E eu gastei todas essas linhas e ainda nem falei do filme em si. Em À MEIA-NOITE LEVAREI SUA ALMA, Mojica interpreta um coveiro em uma cidade do interior que anda de preto, usa capa e cartola, tem um cavanhaque e se comporta de maneira totalmente diferente das demais pessoas do vilarejo. A primeira aparição dele na trama, no cemitério, já mostra isso. Ele aparece sozinho em cima de uma laje, enquanto um grupo de pessoas chora o enterro de um familiar. Ao chegar em casa, Zé já pede à mulher que lhe prepare uma carne pois o enterro lhe deu uma fome danada. A mulher tenta argumentar, dizendo que é Semana Santa e ele sai revoltado, à procura de carne para comer. Parece que no roteiro original, havia uma cena do próprio Zé matando o bicho, mas ela foi excluída da gravação. Melhor assim. Do jeito que ficou, compacto, com apenas 82 minutos, o filme me pareceu perfeito e não fica dando impressão de que haja buraco algum no roteiro. E não há mesmo. Bom, a perversidade de Mojica já começa a aparecer nessa primeira cena com a esposa, mas quando ele começa a matar quem ele quer, o filme vai ganhando um peso cada vez maior. E até certo momento, não há nenhuma interferência sobrenatural, a não ser da cigana, que já antecipa a morte de Antonio e a desgraça no inferno de Mojica.

Enfim, é tanta coisa para se falar sobre esse filme que é preferível não falar muito, mas como nem todo mundo vai ler o livro MALDITO, eu repasso aqui algumas informações que me deixaram impressionado e ao mesmo tempo fascinado e comovido. Mojica, quando estava com as latas do filme prontas e finalizadas, mas ainda sem conseguir distribuidor, já havia se separado da mulher, vendido a casa, os móveis e até a roupa do corpo, tudo pra concluir o filme. Acho isso fantástico. Ele nunca desistiu de seu sonho e chegou a fazer coisas que as pessoas considerariam uma loucura, mas ele confiava em seus instintos e tinha paixão pelo que fazia e a paixão leva o homem à loucura mesmo.
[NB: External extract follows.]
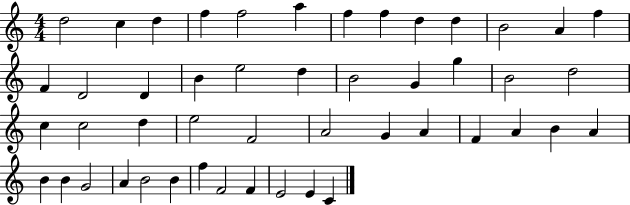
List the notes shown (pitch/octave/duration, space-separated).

D5/h C5/q D5/q F5/q F5/h A5/q F5/q F5/q D5/q D5/q B4/h A4/q F5/q F4/q D4/h D4/q B4/q E5/h D5/q B4/h G4/q G5/q B4/h D5/h C5/q C5/h D5/q E5/h F4/h A4/h G4/q A4/q F4/q A4/q B4/q A4/q B4/q B4/q G4/h A4/q B4/h B4/q F5/q F4/h F4/q E4/h E4/q C4/q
Com o filme finalizado, Mojica encontrou um distribuidor bahiano e praticamente implorou para que ele visse pelo menos um trecho do seu filme. Naquela altura, ele estava sem comer há dois dias e, percebendo isso, o distribuidor pagou um lanche pra ele. O legal é que o combinado com o distribuidor é que ele veria apenas dez minutos do filme, o que representava um rolo. E quando o rolo acabou, as luzes se acenderam. O distribuidor ficou revoltado e perguntou porque acenderam as luzes. Ele queria ver o filme todo! Achou fantástico e disse que tinha certeza que o filme faria muito sucesso. E fez mesmo. Pena que Mojica estava tão endividado e necessitado de dinheiro que acabou vendendo o filme para um dos atores, que comprou por uma mixaria todas as cotas de participação e revendeu por um preço três vezes maior. Ao ver as longas filas que se formavam nas salas de cinema, Mojica bebia e chorava pelo dinheiro que poderia ter ganhado. No livro MALDITO, há ainda comparações bem interessantes entre as idéais de superioridade de Zé do Caixão com as idéias do filósofo Nietzsche.

A sofisticação visual, a montagem inovadora, a interpretação excelente do próprio Mojica, auxiliado por um dublador que deixava a voz de Mojica distante da voz de caipira do restante do pessoal da cidadezinha, e mais um monte de idéias fantásticas imaginadas por uma pessoa que não tinha muita instrução e que pulou a teoria e foi direto para a prática, tudo isso e muito mais faz de À MEIA-NOITE LEVAREI SUA ALMA uma obra única, original e revolucionária.